Il devra être véritablement inclusif, en associant non seulement la majorité et l’opposition, mais également les confessions religieuses, les autorités coutumières, la jeunesse, les femmes, les organisations de la société civile, les universitaires, le secteur privé et les représentants des différentes provinces.
Il devra ensuite être structuré autour d’un agenda clair. Les Congolais ne souhaitent pas un dialogue pour le dialogue. Ils attendent qu’il débouche sur des engagements précis en matière de paix, de gouvernance, de cohésion nationale, de sécurité, de développement et de renforcement des institutions.
Enfin, il devra inspirer confiance. Cette confiance dépendra de la transparence du processus, de la qualité de sa facilitation et de la volonté réelle de toutes les parties de privilégier l’intérêt national sur les intérêts particuliers.
Il serait toutefois réducteur de considérer cette initiative uniquement sous l’angle de la politique intérieure.
En annonçant un dialogue national au moment où la RDC poursuit son combat diplomatique contre l’agression extérieure, le Président Félix Tshisekedi adresse également un message à la communauté internationale. Il affirme que le Congo ne cherche pas seulement à défendre son territoire ; il entend aussi consolider son unité politique et démontrer que sa réponse à la guerre repose sur des institutions républicaines et sur le dialogue entre ses propres citoyens.

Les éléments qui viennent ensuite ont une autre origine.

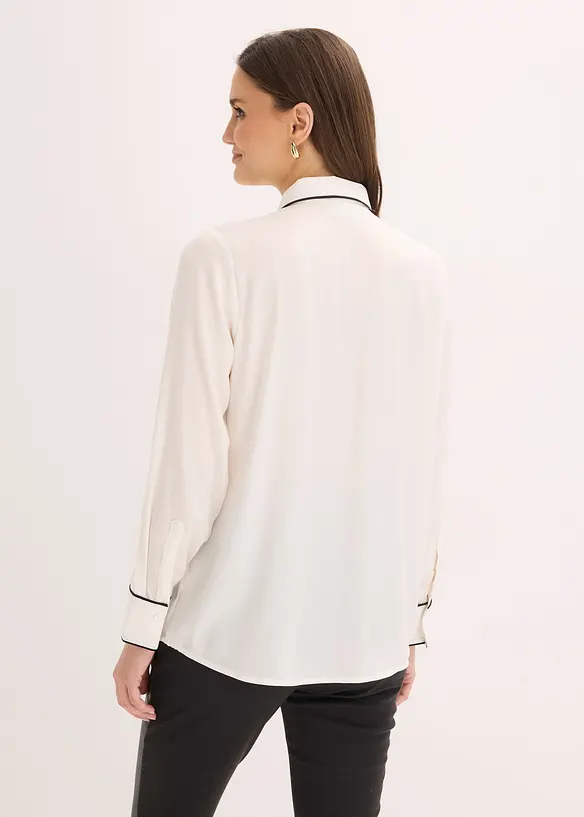 Overhemdblouse van soepel satijn, bonprix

Cette dimension renforce la crédibilité du pays. Une nation qui choisit de résoudre ses divergences par le dialogue apparaît plus forte, plus mature et plus résiliente qu’une nation qui laisse ses fractures internes s’approfondir.
Au fond, la véritable portée de cette initiative réside peut-être là.
Le dialogue n’est pas présenté comme un signe de faiblesse. Il devient un instrument de puissance nationale.
C’est toute la différence.
L’intelligence de situation consiste précisément à comprendre que les grandes victoires ne sont jamais exclusivement militaires. Elles sont aussi politiques, diplomatiques, psychologiques et morales.
Le Président Félix Tshisekedi semble aujourd’hui vouloir inscrire son action dans cette logique globale. Après avoir renforcé les capacités militaires, consolidé les alliances diplomatiques et engagé la bataille de la communication internationale, il choisit d’investir le champ de la cohésion nationale.
L’histoire dira si cette initiative atteindra les objectifs qu’elle se fixe. Mais une chose apparaît déjà certaine : dans la conjoncture actuelle, faire dialoguer les Congolais n’est pas seulement un choix politique. C’est un choix stratégique.
Et c’est peut-être là que réside la véritable intelligence de situation : comprendre que la force d’une République ne se mesure pas uniquement à la puissance de son armée ou à la qualité de sa diplomatie, mais aussi à sa capacité de rassembler ses enfants lorsque l’essentiel est en jeu.